I am about to enter a 3-year PhD. Neither my bachelor’s nor my master’s were research-oriented nor very typical for my field, and I had to find a potential supervisor on my own. Due to my background, I also do not have a good grasp of academia’s unwritten rules.
Last year, I fortuitously met a rock star professor, one of the top 5 most cited scholars in quite a large field. He got interested in my project, gave me huge support for my proposal, and wrote a wonderful LoR. We also got very well along on a personal level and would chat about things loosely related to academia. He is someone with a very casual style but with clear respect for boundaries. I admire him enormously, both as a scholar and as a person.
I was accepted under his supervision by a very laudatory committee. Academia being a very hierarchical world, I feel compelled to show "extra respect" to him, partly because he is famous and partly because my unconventional background sets me at a disadvantage compared to others. It seems likely that high-status academics would tacitly expect their students (i.e. without explicitly asking for it) to go to greater length for them, whether in terms of work output or in overall signs of deference. I know that they are "just human", but they are also around the top of a very special system.
I tried mentioning this to my now-supervisor, but he keeps blushing when I remind him of his academic status. He seemed to think that I was worried about my application "not being good enough" rather than about failing to show adequate deference to him. The obvious thing I could do for him would be to submit a paper before the start of my PhD. I have never written a paper before, as it seems uncommon in my field (but not unheard of) to do one that early. But he said a few times that he does not need me to do that right now, and I do not know if he means "don’t do that" or "I politely say no but would be happy if you did it anyway, and slightly disappointed if you didn’t".
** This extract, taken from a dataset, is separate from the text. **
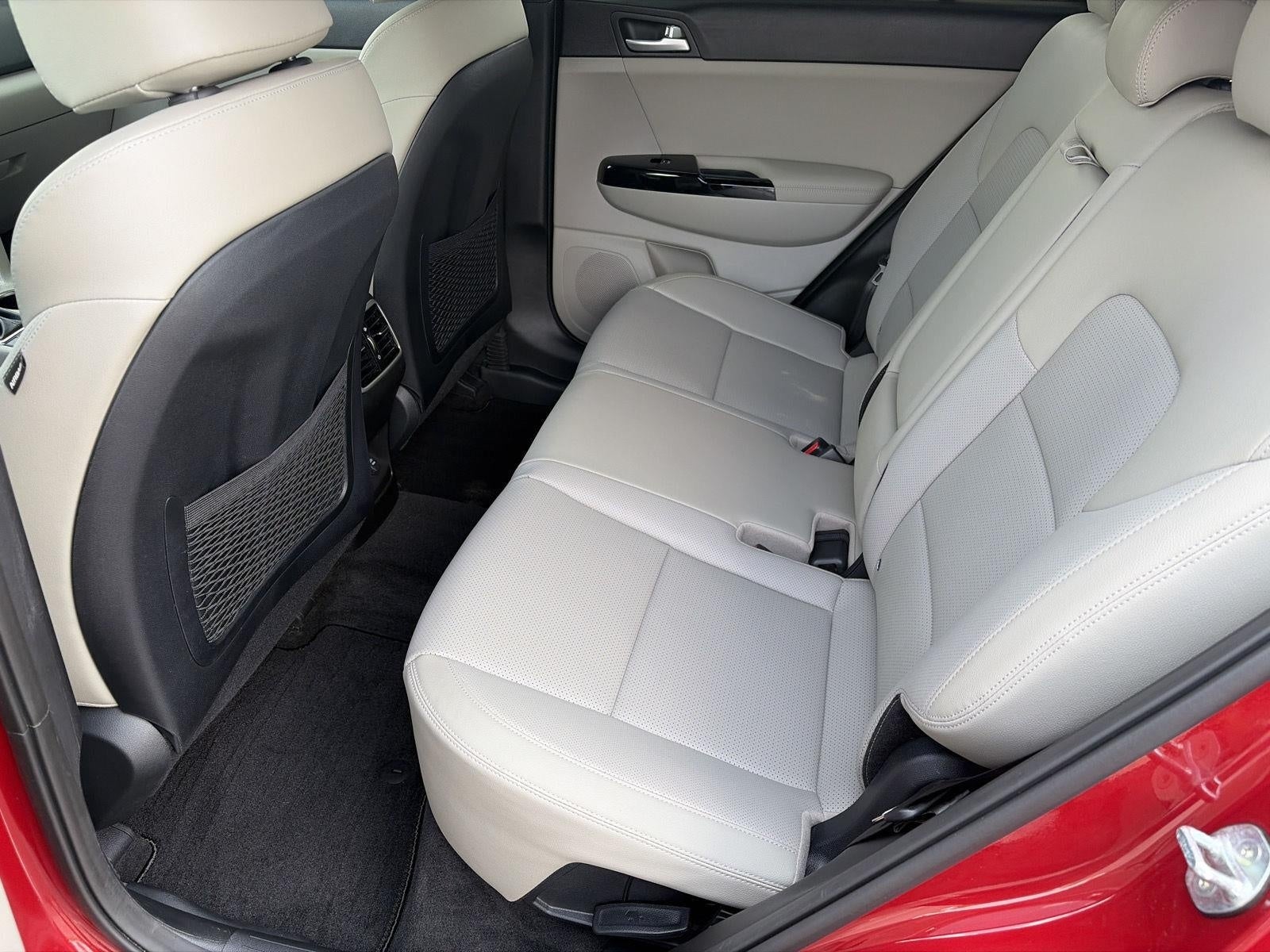 2022 Kia Sportage Nightfall AWD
I have a half-done paper addressing a recent debate around my supervisor’s main theoretical contribution, and I am confident that it can be a substantial paper if well-executed. Yet I am exhausted, and my supervisor is unlikely to help me on it before I start my PhD. What should I do?
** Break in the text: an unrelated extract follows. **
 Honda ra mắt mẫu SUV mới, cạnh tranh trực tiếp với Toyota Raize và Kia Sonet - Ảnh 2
EDIT: To clarify, this is a question about the "extra" that famous professors may expect from their PhD students. In my case, I went for a writing a paper on a subject of my choice, then submitting it to a peer-reviewed journal and hopefully avoiding desk-rejection. It feels like a huge task, but how to do it is not really the issue at hand. I would happily have presented at a major conference instead, but the conference I was accepted to did not manage to move online. A couple editors from reputable journals encouraged me to submit a paper as a master’s student, so I assumed it was a tough but realistic thing I could as that little "extra" for my supervisor.
For context, I studied in France and my supervisor is in/from Northern Europe. My field is in the social sciences.